Goal of the exercise: Transcribe exactly the lines from the one containing "Item preview, Pallas" through the end of the data, both included. Leave out pictures.
=== Section Start ===
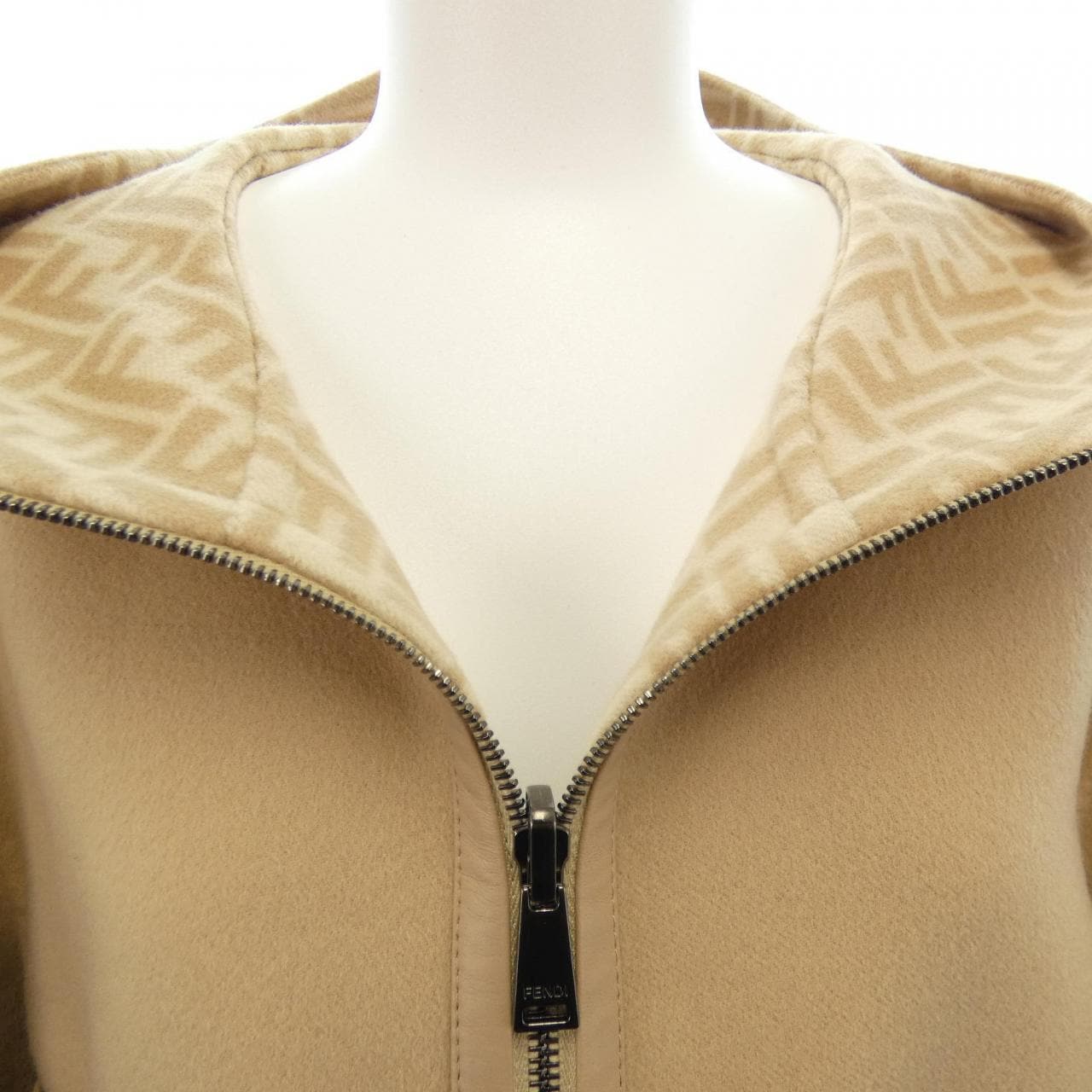 フェンディ FENDI ジャケット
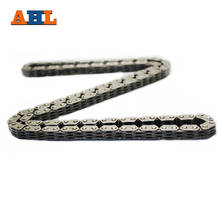 AHL Motorcycle Cam Chain for SUZUKI DR250 DR 250 1990-1995  Silent Timing Chain 108 links 2024 - buy cheap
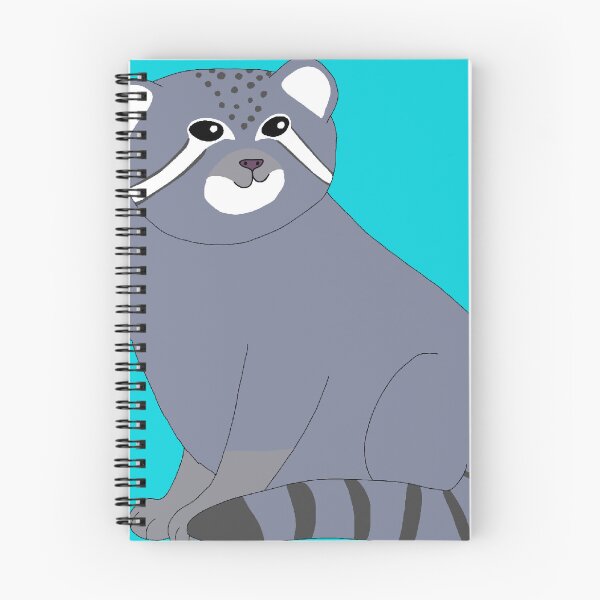 Item preview, Pallas Cat designed and sold by Leapingdoe.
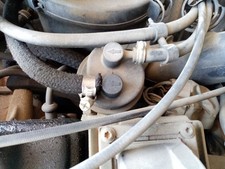 Carburateur Peugeot 309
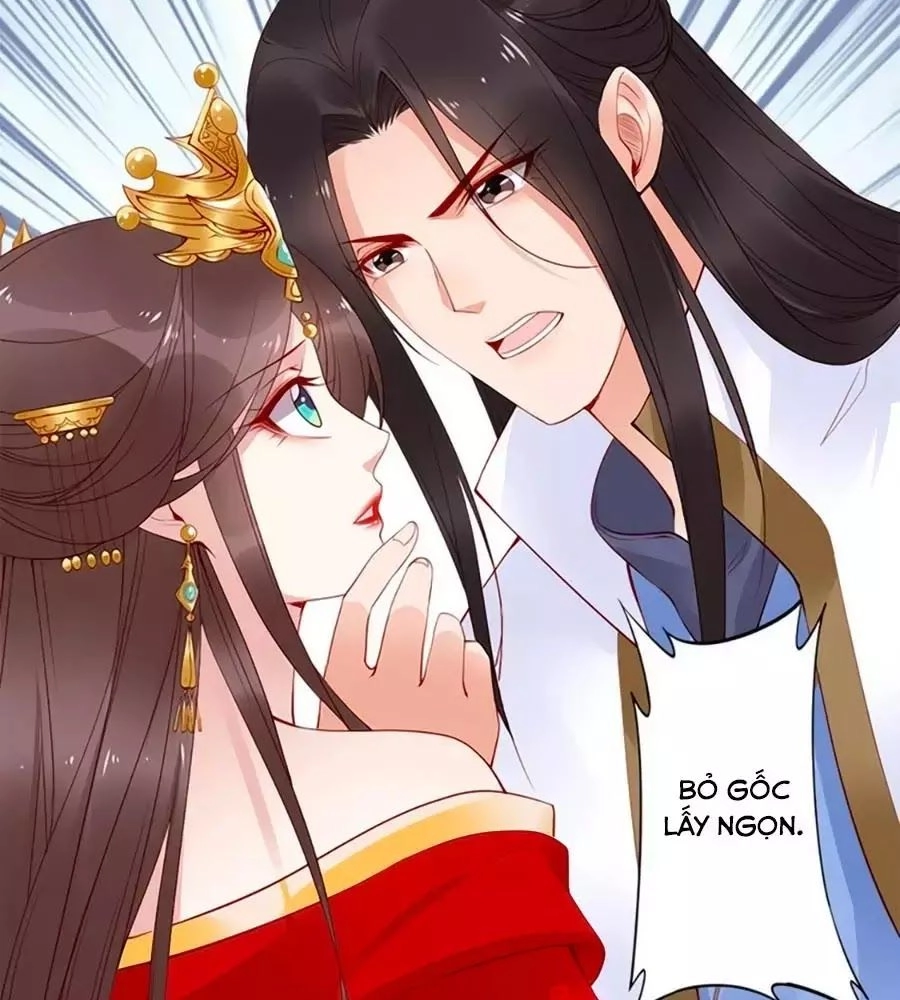 Đế Cung Đông Hoàng Phi Chapter 14 - 37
=== Section End ===
Answer area:
 Item preview, Pallas Cat designed and sold by Leapingdoe.
 Carburateur Peugeot 309
 Đế Cung Đông Hoàng Phi Chapter 14 - 37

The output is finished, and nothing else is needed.